I'm working on anomaly detection in CTU-13 dataset. Records are labeled and there are a few categorical features with many categories (for example one of the features "State" has over 250 possible, categorical values - and there are more categorical features!). I could (and probably will, at some point) perform one-hot-encoding, but for now I decided not to, because I would end up with 10 original features, 250 new, sparse features. That's why I decided to pandas.factorize
my categorical features and then treat them like numerical ones.
However - sklearn's OSVM works really slowly unless data is standarized. I have already applied QuantileTransformation
to my features that are numerical by nature (like "duration", "number of bytes" etc.) and performance of my classifier got drastically better (time of execution was much shorter and overall accuracy of my classification got higher).
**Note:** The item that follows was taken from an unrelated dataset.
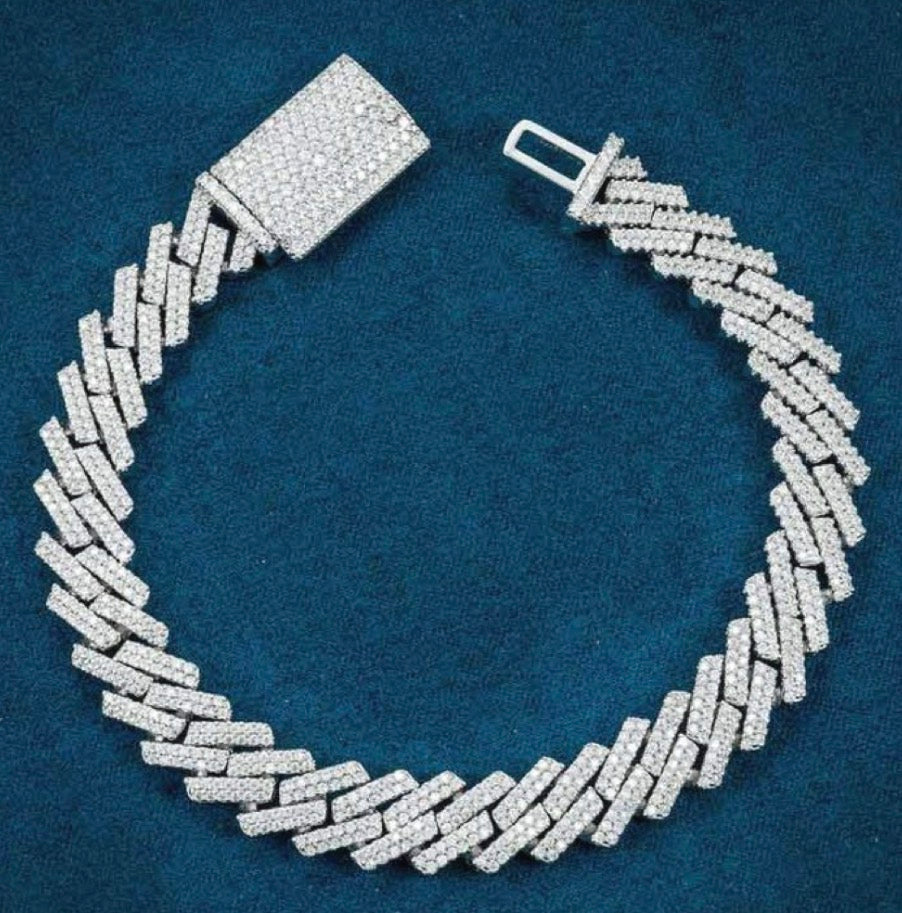 10mm Moissanite Cuban Link Bracelet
Now, I'm aware standarization/normalization these features is wrong, because numbers created through factorization don't represent anything but the category. Regardless, I have already tried using StandardScaler
and as I expected, time of execution dropped drastically (we are talking about drop from 3-4h to 20 minutes). When it comes to results... This is interesting. AUC dropped significantly in 4 out of 5 tested scenarios, but other metrics (accuracy, recall, F1 score) spiked up to almost 90 percent (from 70-ish). This suggests there may be a way to somehow optimize my input for good execution time and classification scores, but perhaps it's not as simple as scaling these features.
Articles I found on the internet would factorize these categorical data, but never really did anything more about it, so I had hard time finding a solution other than one-hot-encoding. Should I just jump to it? Is there a better way to factorize data, so it's scaled/standarized already?